Problem description: Would you transcribe only the lines from the one holding "BMW X1 2015 — фото 17" through the end of the material, exactly, without any pictures?
● ● ● ● ●
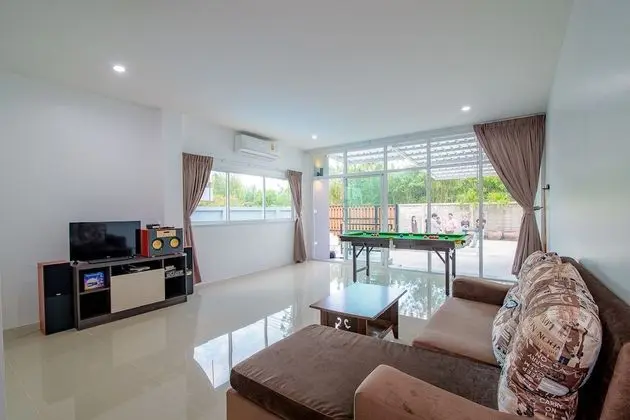 Three Bedrooms Home With Private Pool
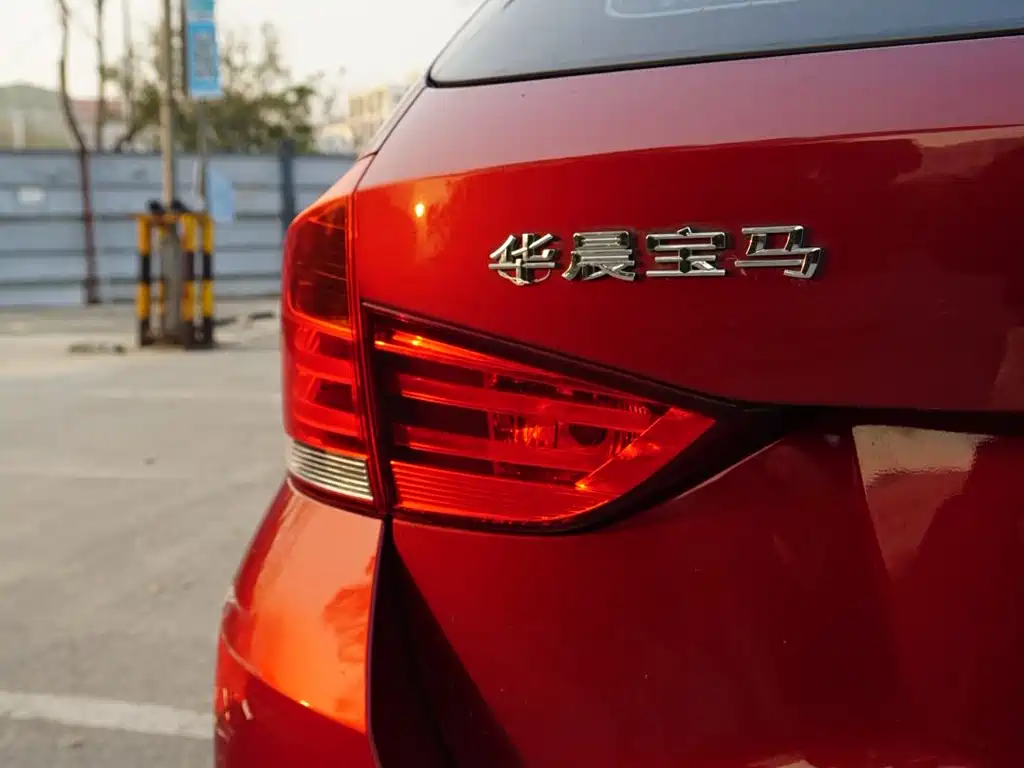 BMW X1 2015 — фото 17
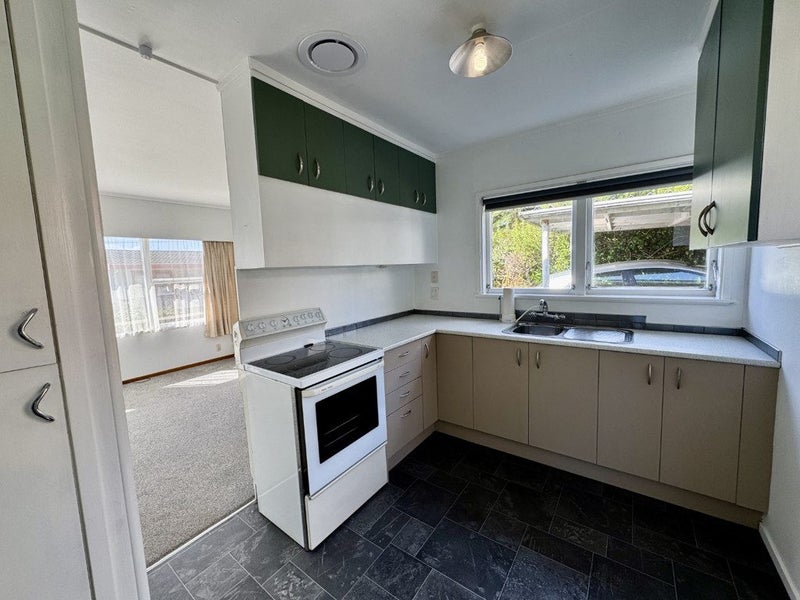 71 Ocean View Road, Hillcrest, Auckland - Carousel 2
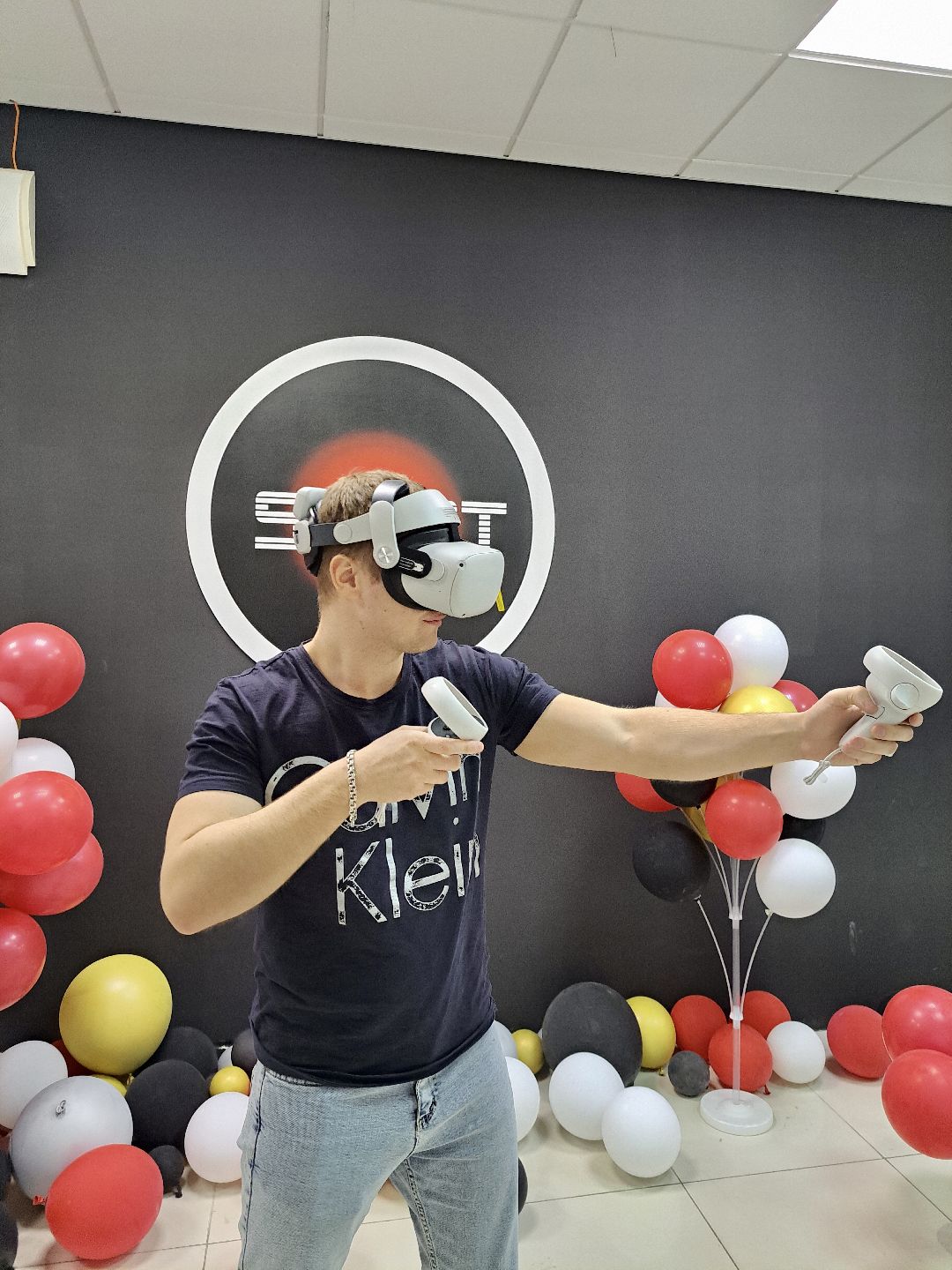 Клин, общество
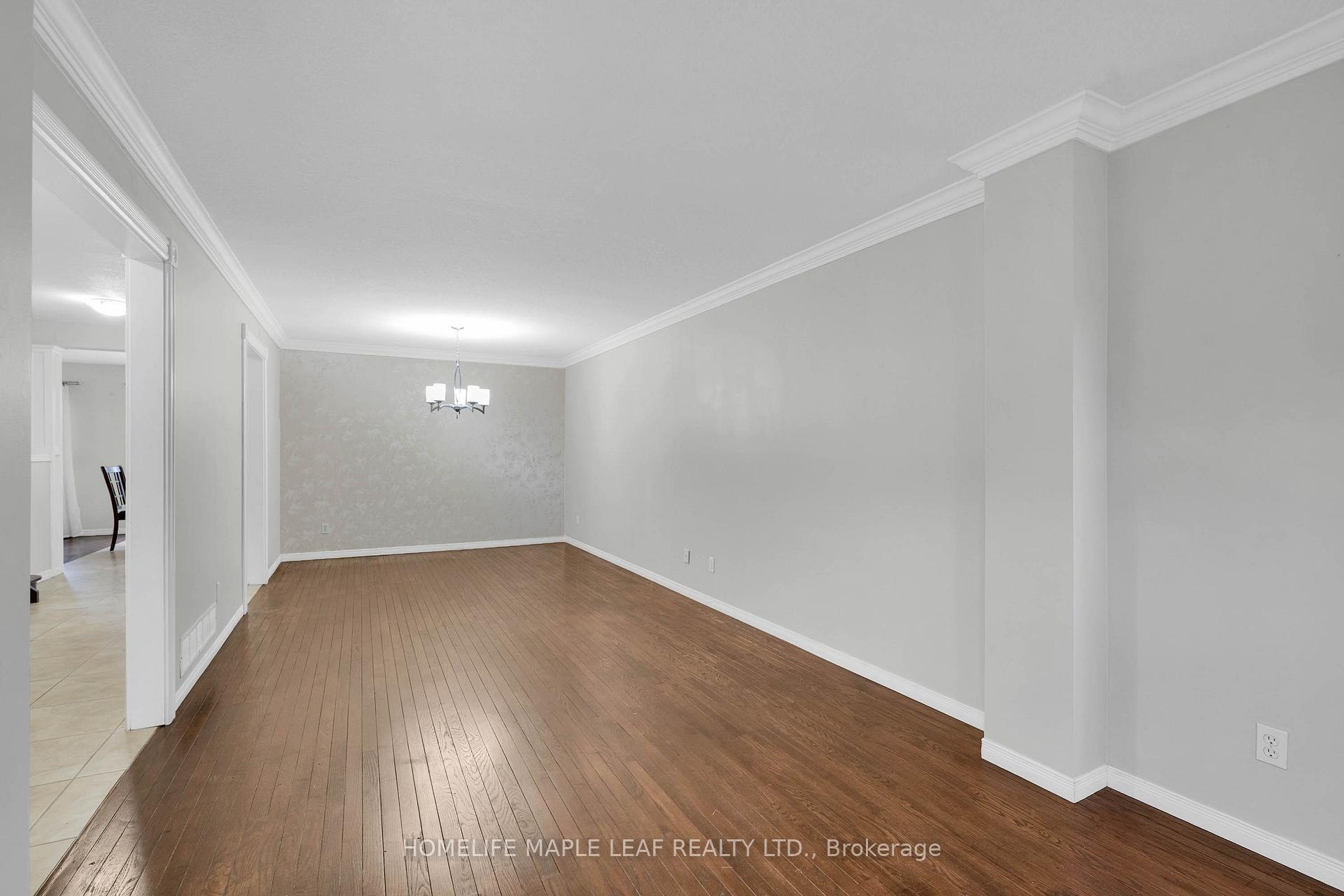 Photo 8 of 888 Paisley Road, Guelph, Willow West/Sugarbush/West Acres — HOMEH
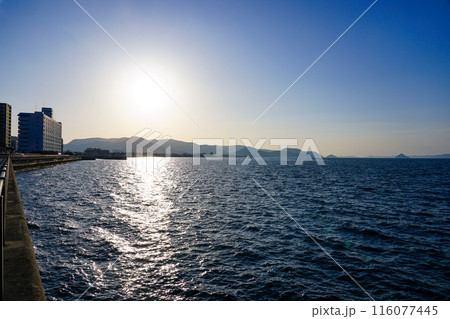 高松港から大槌小槌に挟まれた海上交通の難所・槌ノ戸瀬戸 高松港から大槌小槌に挟まれた海上交通の難所・槌ノ戸瀬戸 116077445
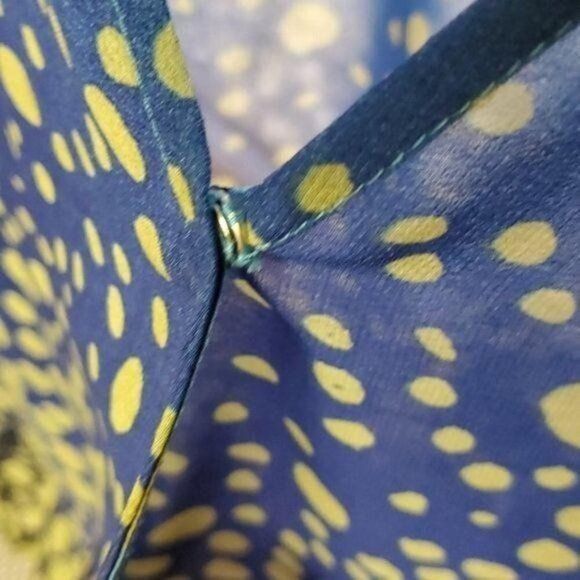 Designer CAbi Sheer Vneck Polka Dots Casual Button Down Sleeveless Sz Size S / US 4 / IT 40 - 3 Thumbnail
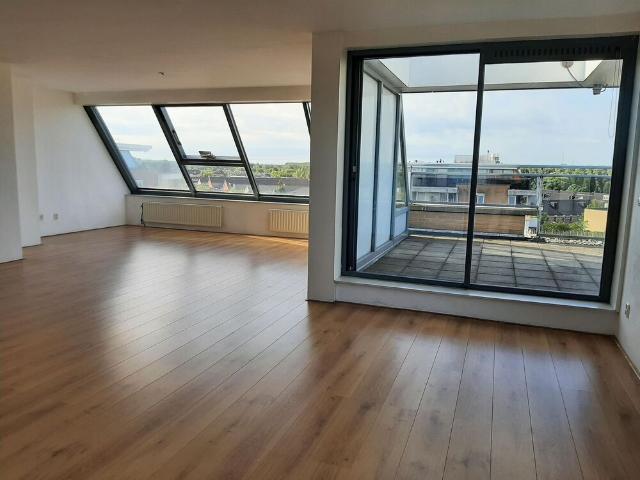 Appartement te huur in Diemen, Noord Holland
● ● ● ● ●
Solution to the exercise:
 BMW X1 2015 — фото 17
 71 Ocean View Road, Hillcrest, Auckland - Carousel 2
 Клин, общество
 Photo 8 of 888 Paisley Road, Guelph, Willow West/Sugarbush/West Acres — HOMEH
 高松港から大槌小槌に挟まれた海上交通の難所・槌ノ戸瀬戸 高松港から大槌小槌に挟まれた海上交通の難所・槌ノ戸瀬戸 116077445
 Designer CAbi Sheer Vneck Polka Dots Casual Button Down Sleeveless Sz Size S / US 4 / IT 40 - 3 Thumbnail
 Appartement te huur in Diemen, Noord Holland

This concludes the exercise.